If they do, they could be joined by thousands of men who have recently been released from US military prisons. In the course of the illegal US occupation, tens of thousands of Iraqis were rounded up and thrown into prisons on nothing more than the suspicion of involvement in the insurgency. Since 2003, at least 100,000 Iraqis have been detained without any charges—some for years.


At the highpoint of the "surge" in 2007, the US was holding more than 26,000 people in prisons such as Camp Bucca. Throughout 2008 and the first months of 2009, that number has been systematically reduced to less than 9,000.


Brigadier General David Quantock, the commander of US detention operations, told Reuters, "there are 6,000 to 7,000 who we consider dangerous detainees". They will be handed over to Iraqi government, dragged before the courts, summarily convicted and imprisoned or sentenced to death for resisting the US invasion. At least 109 insurgents have been given death sentences already.


The bulk of the detainees, however, have been able to return to their homes and families. In most cases, they confront unemployment and devastated communities, as well as the repressive conduct of the Iraqi military and police.  


According to a March 23 report in the Washington Post, the police fear that many of those released are joining or forming resistance groups.


The article drew attention to the sentiment among Shiite ex-prisoners, most of whom were detained during crackdowns on the Mahdi Army militia loyal to cleric Moqtada al-Sadr. After initially denouncing the US invasion, Sadr made his peace with the occupation and the pro-US government. Large numbers of working class Shiites who once followed him have not. Over the past six years, they have suffered constant persecution and continue to endure terrible deprivation.


The Washington Post commented: "In the hardscrabble Shiite neighbourhoods of Baghdad, some former inmates of Bucca speak of revenge." Resistance groups they formed would be able to recruit numerous new fighters from among the hundreds of thousands of unemployed and destitute Shiite youth in suburbs such as Sadr City in Baghdad's east.


In Sunni areas, an Iraqi intelligence officer estimated that 60 percent of the ex-prisoners who had returned to Baghdad had already rejoined the insurgency. The police chief in the Baghdad suburb of Garma, who also heads the district's 3,000-strong Awakening militia, estimated the rate was 90 percent in his area.
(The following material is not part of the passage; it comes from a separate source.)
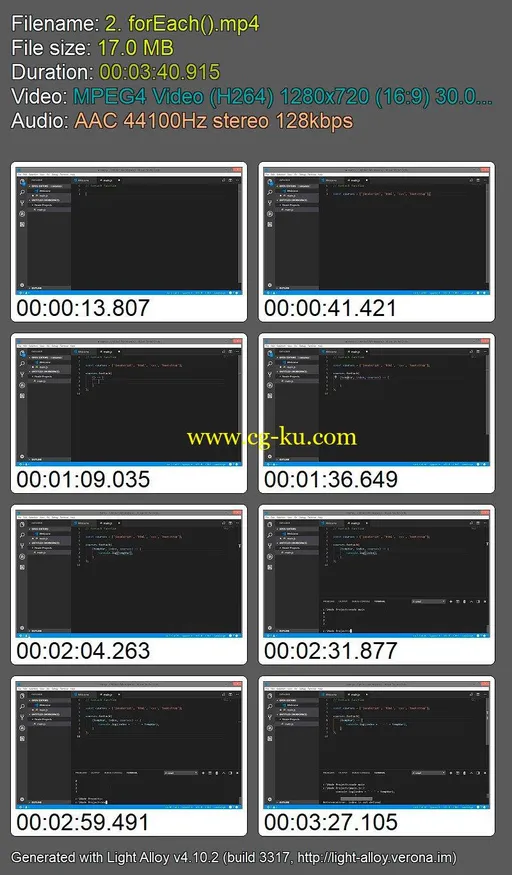 Design Patterns with JavaScript ES5/6 and Node.js from Zero的图片1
He told the Post he had arrested 70 former prisoners, including some who had been appealing to his militiamen to resume armed resistance.


The Iraqi government, echoing its overlords in Washington, demonises all insurgent activity against the US occupation as "terrorism". In fact, the majority of the fighters had no links with international or local Islamic extremism and fought to evict the foreign occupation forces and for the right of Iraqis to determine their own future. With no employment prospects, it is inevitable that some will decide to resume fighting Iraq's US domination.